**** Records provided
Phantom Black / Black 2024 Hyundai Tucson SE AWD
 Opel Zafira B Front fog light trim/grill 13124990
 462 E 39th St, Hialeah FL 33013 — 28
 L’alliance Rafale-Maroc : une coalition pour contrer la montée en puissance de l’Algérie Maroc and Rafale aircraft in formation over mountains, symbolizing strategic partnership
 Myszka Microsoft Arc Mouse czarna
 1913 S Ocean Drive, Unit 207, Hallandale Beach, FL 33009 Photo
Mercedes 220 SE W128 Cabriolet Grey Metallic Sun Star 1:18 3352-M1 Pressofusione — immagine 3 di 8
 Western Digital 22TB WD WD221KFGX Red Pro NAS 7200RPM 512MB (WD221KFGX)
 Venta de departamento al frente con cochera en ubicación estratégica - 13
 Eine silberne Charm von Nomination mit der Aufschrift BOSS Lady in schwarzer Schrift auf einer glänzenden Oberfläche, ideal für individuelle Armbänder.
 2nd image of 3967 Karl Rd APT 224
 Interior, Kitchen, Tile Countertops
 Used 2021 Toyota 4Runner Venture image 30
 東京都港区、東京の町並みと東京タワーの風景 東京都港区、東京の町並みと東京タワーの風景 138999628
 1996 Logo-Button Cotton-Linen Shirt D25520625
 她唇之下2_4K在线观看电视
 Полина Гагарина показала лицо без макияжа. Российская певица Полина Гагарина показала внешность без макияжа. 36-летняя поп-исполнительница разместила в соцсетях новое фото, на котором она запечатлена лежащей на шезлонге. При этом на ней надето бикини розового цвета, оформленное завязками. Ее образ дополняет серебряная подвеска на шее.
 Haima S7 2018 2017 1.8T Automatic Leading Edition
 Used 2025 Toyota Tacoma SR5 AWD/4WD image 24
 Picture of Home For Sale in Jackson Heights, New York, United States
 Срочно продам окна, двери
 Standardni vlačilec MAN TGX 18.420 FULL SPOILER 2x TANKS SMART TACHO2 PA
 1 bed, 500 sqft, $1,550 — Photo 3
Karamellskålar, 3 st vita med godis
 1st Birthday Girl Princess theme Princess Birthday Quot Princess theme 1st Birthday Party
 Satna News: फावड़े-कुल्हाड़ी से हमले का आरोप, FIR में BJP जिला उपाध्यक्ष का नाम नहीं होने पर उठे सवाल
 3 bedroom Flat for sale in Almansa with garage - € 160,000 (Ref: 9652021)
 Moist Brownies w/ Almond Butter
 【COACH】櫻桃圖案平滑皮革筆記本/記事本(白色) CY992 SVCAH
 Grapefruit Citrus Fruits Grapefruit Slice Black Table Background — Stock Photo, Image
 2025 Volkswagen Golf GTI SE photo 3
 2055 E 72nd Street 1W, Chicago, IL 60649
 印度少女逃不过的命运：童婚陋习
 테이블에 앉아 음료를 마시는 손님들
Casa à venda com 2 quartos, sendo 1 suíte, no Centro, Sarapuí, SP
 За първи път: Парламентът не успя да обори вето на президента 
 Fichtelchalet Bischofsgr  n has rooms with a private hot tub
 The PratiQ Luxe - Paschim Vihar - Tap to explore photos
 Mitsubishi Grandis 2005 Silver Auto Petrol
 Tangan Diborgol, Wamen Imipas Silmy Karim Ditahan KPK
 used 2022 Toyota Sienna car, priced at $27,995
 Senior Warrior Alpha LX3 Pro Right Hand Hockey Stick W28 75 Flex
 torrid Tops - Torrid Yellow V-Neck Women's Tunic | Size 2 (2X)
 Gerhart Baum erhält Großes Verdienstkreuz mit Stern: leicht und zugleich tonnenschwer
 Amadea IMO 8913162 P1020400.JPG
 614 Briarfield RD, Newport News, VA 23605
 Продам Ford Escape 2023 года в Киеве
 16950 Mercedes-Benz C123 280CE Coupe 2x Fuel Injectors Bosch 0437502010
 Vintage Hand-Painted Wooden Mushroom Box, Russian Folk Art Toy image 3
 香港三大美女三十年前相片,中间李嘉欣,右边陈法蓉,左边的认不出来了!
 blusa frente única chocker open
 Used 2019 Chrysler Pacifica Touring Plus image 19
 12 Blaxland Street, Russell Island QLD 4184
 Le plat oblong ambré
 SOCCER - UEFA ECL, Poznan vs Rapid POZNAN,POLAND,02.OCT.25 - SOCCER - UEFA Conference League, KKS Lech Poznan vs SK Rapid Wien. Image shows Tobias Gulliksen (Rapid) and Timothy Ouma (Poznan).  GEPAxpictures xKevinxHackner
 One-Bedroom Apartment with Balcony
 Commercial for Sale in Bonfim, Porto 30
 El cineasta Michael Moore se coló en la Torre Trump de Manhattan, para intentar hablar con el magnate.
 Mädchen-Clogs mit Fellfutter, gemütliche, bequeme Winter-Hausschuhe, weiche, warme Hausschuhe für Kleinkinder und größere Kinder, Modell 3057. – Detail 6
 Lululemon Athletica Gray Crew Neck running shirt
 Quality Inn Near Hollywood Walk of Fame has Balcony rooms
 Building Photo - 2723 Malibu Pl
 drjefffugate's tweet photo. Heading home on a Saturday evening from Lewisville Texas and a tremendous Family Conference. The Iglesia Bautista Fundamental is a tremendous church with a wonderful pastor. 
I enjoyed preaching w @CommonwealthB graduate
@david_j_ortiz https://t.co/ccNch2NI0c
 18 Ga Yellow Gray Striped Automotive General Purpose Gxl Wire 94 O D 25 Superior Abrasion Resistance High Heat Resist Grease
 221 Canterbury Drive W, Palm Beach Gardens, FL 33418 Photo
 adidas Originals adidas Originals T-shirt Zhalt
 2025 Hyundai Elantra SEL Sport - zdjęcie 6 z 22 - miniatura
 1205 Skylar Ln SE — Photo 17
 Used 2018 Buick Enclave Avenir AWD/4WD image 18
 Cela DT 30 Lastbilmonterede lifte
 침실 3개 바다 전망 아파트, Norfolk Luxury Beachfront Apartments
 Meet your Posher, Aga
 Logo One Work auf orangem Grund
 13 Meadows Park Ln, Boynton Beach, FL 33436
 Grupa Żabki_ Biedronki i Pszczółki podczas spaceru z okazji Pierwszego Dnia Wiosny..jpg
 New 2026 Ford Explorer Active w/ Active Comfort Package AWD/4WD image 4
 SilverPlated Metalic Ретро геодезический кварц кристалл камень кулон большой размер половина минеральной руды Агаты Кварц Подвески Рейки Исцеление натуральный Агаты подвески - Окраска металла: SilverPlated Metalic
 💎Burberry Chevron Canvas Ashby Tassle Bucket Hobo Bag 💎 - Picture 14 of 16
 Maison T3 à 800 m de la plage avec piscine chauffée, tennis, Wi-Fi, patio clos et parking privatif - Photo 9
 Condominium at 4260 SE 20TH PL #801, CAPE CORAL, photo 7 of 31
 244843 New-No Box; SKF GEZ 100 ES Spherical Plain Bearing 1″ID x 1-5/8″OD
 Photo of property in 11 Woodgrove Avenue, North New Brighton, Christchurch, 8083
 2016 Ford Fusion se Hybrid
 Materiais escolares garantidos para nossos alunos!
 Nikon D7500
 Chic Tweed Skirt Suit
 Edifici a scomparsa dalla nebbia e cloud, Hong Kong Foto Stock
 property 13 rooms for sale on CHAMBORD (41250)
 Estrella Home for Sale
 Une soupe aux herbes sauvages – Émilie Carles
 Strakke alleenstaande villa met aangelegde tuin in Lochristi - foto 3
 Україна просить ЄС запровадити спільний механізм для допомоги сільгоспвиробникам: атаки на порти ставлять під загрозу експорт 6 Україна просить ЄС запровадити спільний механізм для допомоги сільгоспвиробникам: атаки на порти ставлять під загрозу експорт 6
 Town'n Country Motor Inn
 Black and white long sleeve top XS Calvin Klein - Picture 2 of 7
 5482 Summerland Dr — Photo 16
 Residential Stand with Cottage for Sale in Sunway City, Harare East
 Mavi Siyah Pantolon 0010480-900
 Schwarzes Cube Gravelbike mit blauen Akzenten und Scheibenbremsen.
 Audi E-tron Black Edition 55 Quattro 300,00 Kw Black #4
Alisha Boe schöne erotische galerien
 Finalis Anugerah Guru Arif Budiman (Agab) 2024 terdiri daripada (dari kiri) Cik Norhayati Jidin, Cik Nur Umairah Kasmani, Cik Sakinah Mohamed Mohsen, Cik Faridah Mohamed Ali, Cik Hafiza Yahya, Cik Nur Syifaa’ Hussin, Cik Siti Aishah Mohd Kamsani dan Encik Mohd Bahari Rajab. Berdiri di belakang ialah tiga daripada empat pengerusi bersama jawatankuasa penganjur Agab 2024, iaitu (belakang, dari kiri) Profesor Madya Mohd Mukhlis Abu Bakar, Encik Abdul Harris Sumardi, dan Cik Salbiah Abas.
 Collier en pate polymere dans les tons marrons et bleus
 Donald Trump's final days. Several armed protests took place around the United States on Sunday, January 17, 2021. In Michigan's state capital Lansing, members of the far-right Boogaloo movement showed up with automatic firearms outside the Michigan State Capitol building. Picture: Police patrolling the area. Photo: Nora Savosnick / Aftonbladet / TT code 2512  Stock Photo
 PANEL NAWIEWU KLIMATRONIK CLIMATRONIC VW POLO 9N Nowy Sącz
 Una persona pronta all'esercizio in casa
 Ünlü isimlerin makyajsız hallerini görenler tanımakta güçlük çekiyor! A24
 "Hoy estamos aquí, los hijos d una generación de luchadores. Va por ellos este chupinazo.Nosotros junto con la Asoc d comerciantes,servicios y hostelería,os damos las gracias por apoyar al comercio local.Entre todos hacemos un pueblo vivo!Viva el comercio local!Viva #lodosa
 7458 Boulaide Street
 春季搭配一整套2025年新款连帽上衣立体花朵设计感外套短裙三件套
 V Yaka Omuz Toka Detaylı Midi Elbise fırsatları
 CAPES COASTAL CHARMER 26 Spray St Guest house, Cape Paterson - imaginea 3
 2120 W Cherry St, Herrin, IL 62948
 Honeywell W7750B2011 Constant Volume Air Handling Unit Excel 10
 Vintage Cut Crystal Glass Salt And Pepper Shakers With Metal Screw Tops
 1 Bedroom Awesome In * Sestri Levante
********
- _Work order_: Report how many lines in the listing above contain the string "Vintage", giving the number alone.

- _Exercise response_: 2